Baiduri meminta seluruh lapisan masyarakat mampu berkontribusi dan berperan aktif dalam membangun Kapuas Hulu. Misalnya, dengan selalu menghadirkan solusi yang bisa disampaikan kepada kepala daerah. Usulan itu lantas akan ditindaklanjuti dinas terkait.

"Konsep-konsep pembangunan yang mereka tawarkan, jika setelah dikaji ternyata baik, maka akan kita fasilitasi dengan pembiayaannya jika hal itu diperlukan," ungkap Baiduri memberi contoh kebijakan yang akan ia terapkan nantinya.

Tokoh masyarakat ini menambahkan, secara geografis Kapuas Hulu sangat luas. Tata ruangnya juga sudah diketahui masyarakat. Untuk itu, hal terpenting yang harus dilakukan adalah menggali potensi sebagai produk unggulan, yang kemudian mampu menyejahterakan.

"Ke depan produk unggulan yang kita gali pada sektor pertanian. Sebelum penggalian dilakukan harus dilakukan pengkajian dan survei agar tepat sasaran," jelasnya.

Dalam perencanaan, pengelolaan, dan pemasaran produk tersebut, dia akan memanfaatkan kemajuan teknologi saat ini. Semua agar hasil yang didapat maksimal.

"Tentunya secara teknis tidak semua saya jabarkan di sini, karena nantinya bisa bocor visi misi saya," kata dia. 

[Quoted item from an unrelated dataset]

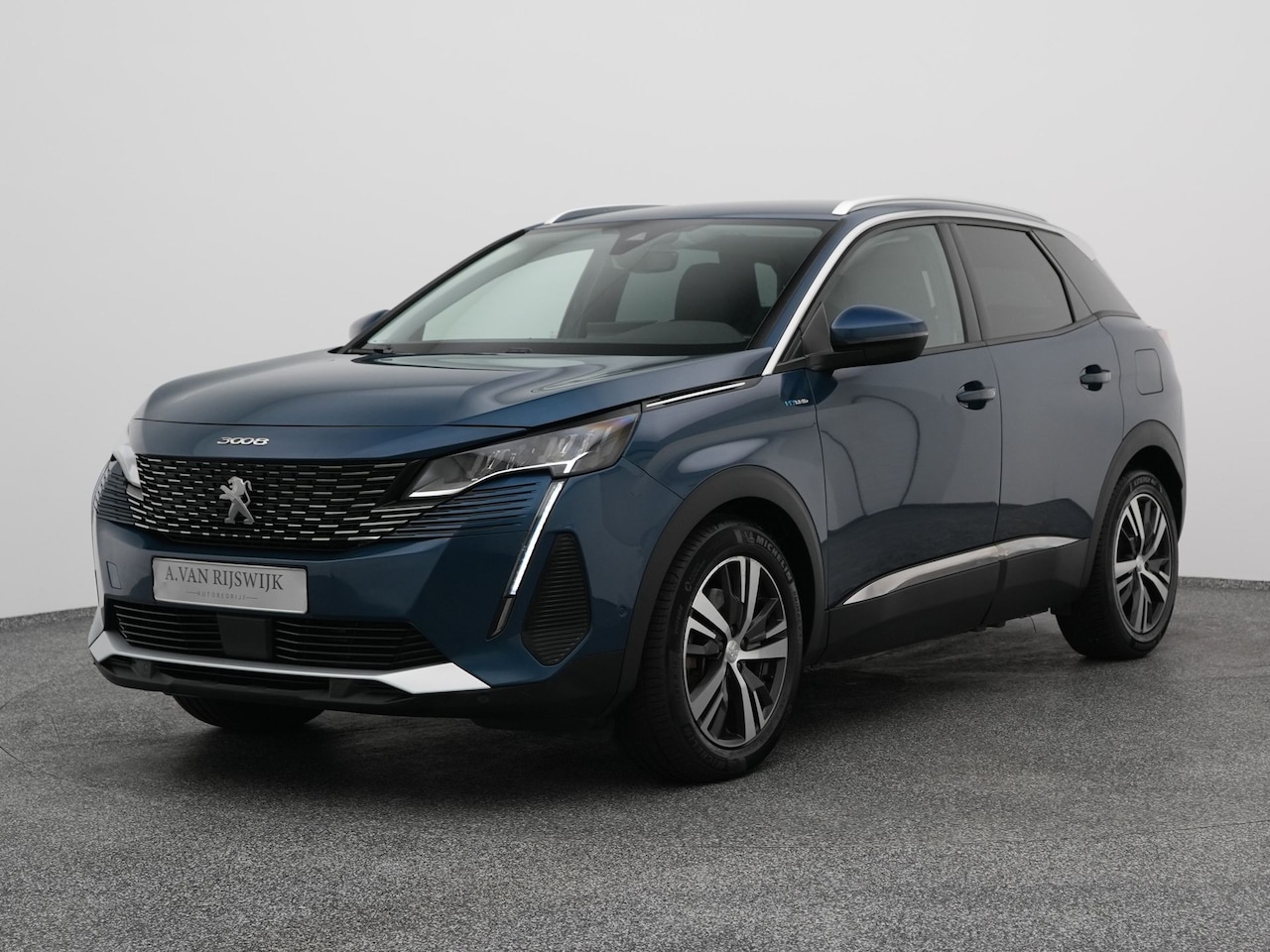 Peugeot 3008 - 1.6 HYbrid 225 PK Automaat Allure | CAMERA | KEYLESS | CARPLAY - AutoWereld.nl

Sementara Ketua DPD Partai Golkar Kapuas Hulu, Agus Mulyana menegaskan bahwa partainya berdasarkan hasil Pileg 2019, dapat calon pasangan tanpa koalisi. Partai berlambang beringin ini pun mengusung kader sendiri di Pilkada 2020.

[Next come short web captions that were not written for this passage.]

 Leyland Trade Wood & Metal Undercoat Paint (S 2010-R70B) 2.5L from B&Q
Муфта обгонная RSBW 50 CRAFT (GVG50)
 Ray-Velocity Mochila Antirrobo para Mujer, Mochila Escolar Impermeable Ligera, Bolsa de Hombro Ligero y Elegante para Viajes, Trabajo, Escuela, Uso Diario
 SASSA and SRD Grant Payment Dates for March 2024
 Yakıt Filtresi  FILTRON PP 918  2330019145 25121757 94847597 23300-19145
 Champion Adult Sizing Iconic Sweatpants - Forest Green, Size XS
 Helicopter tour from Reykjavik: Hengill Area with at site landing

"Secara undang-undang kita berhak mencalonkan pemimpin pada Pilkada Kapuas Hulu 2020 mendatang," katanya.

Namun sesuai arahan Ketua DPP Golkar dan DPD Partai Golkar Kalbar, kader yang akan diusung harus berdasarkan hasil survei, bukan asal-asalan.

"Kami membuka peluang seluas-luasnya kepada seluruh kader," katanya.

Agus menjelaskan, sejauh ini pihaknya belum melakukan komunikasi politik dengan partai lain terkait Pilkada 2020 mendatang. Mereka masih fokus menyelesaikan proses unsur pimpinan di DPRD Kapuas Hulu.

Mengenai isu santer bahwa dirinya akan berpasangan  dengan Baiduri di Pilkada 2020, Agus menanggapi hal itu biasa saja. Agus mengaku menjalin komunikasi dengan Baiduri ihwal Pilkada 2020, namun tidak pembicaraan teknis.

“Baiduri baik-baik saja orangnya. Kalau untuk pemilihan nantinya biarkan masyarakat yang menilai masing-masing calon yang berkompetisi," katanya.

Menurut dia, di partai Golkar siapa pun dipersilakan mempersiapkan diri untuk mencalonkan diri pada Pilbub Kapuas Hulu mendatang. Selain itu kader, Golkar juga membuka diri untuk tokoh yang berpotensi.

"Tentunya, dia juga harus ada komitmen dalam memajukan partai Golkar," tegas Agus.

Wabup Tunggu

Wakil Bupati Kapuas Hulu, Antonius L Ain Pamero belum memastikan apakah dirinya akan maju pada Pilkada 2020 mendatang. Menurutnya, semua punya kesempatan sama untuk jadi pemimpin di Bumi Uncak Kapuas. Termasuk nama-nama lain yang kini santer di masyarakat.

"Kita lihat nanti saja. Untuk sementara saya belum berkomentar terlalu banyak," katanya.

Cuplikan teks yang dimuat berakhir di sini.